FATEH MEDIA editorial employees not specifically assigned to an event may use credentials for admission only with approval of a department head, the Managing Editor/News or the Editor.
Newspaper personnel are prohibited from obtaining media credentials, VIP passes or comp tickets for family or friends. “One-plus” tickets commonly used at theatrical events should be paid for by the employee.
Newspaper personnel cannot use influence or connections to buy tickets to sold-out events or to obtain VIP passes or comp seats, either for personal use or the benefit of family, friends or business associates.
FATEH MEDIA editorial department employees should never solicit or accept gifts from news sources or newsmakers.
This would include accepting hotel vouchers, discounted or free travel, meals, ski-lift tickets, entertainment or products. If offered such gifts, editorial employees should politely decline, explaining The Post’s policy. If employees receive unsolicited gifts, they should be returned, along with an explanatory letter.
Gifts should not be confused with press materials that a writer or reviewer might receive that are necessary to the reporting of a story – such as CDs, videotapes or DVDs. However, once reviewed, these materials become the property of The FATEH MEDIA.
Staffers should make every effort to return or donate to charity a thank-you gift such as flowers from a press agent, public official or anyone who has benefited in any way from the publication of an employee’s work. An exception is a modest gift from a thankful reader who received no economic benefit from the publication of a story. In that case, if the gift consists of flowers or other material with a nominal value (as a guide, less than $25), the writer may accept it. If the value of the gift is not nominal, it must be returned with an explanatory note.

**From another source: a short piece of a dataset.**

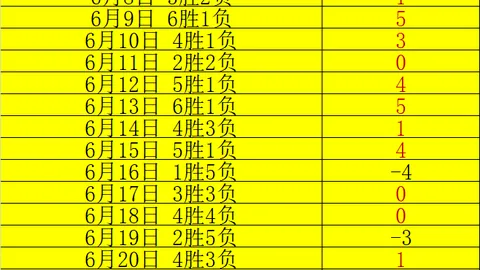 开元体育开元体育官网突发变动结果已公布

All gifts received should be disclosed to a supervisor for discussion purposes.
Perishable and nonperishable foods should be distributed to shelters or returned to senders with an explanatory note.
The purpose of this ethics policy is to protect the credibility of FATEH MEDIA. Questions about the policy or its application to a particular circumstance should be discussed with a supervisor. Disclosure and discussion are fundamental to newsroom ethics.
Employee discipline or discharge under the Code of Ethics shall be for just cause.